My question is directed to professing Christians who don't believe in any of the key doctrines held by evangelical churches, such as the Virgin Birth, the Resurrection, and Jesus Christ as the only path to salvation. If you believe in the evangelical doctrine of salvation, this question isn't for you.
I come from an evangelical background, which taught me to believe in the Virgin Birth, the Resurrection, and that Jesus is the only path to salvation. I understand that there are some Christians who don't believe in these things, which I think are the pillars and the cornerstone of Christianity, without which Christianity has no reason to exist. These Christians are commonly identified as "liberal Christians." You can read more about the view of this group of Christians here, and read a conservative theologian's response to their views here.
Back to my main question:
If one doesn't believe that Jesus is the only path to salvation, what is the "selling point" of Christianity? Why should people bother to become Christians at all? It would be equally okay to be an atheist, agnostic, or Buddhist who believes in Jesus as a great teacher and religion leader, but nothing more.
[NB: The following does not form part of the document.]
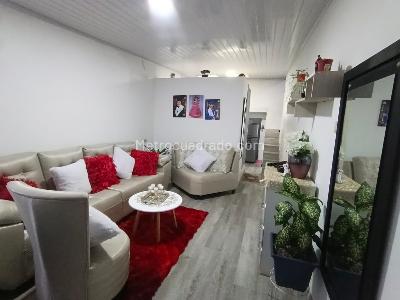 Casa en venta en Las Colinas, Manizales · foto 2 de 20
By the same token, as I see it, if liberal Christians think that Bible is just another book, written and compiled by mere humans with human errors in it, then it is no longer infallible, and there is no reason to pay attention to Biblical teachings on any subject. So what is the difference between liberal Christians and non-Christians? Non-Christians can draw inspiration from the Bible in the same way as these Christians do. They believe in exactly the same thing!
I am curious: On what basis do liberal Christians identify themselves as Christians?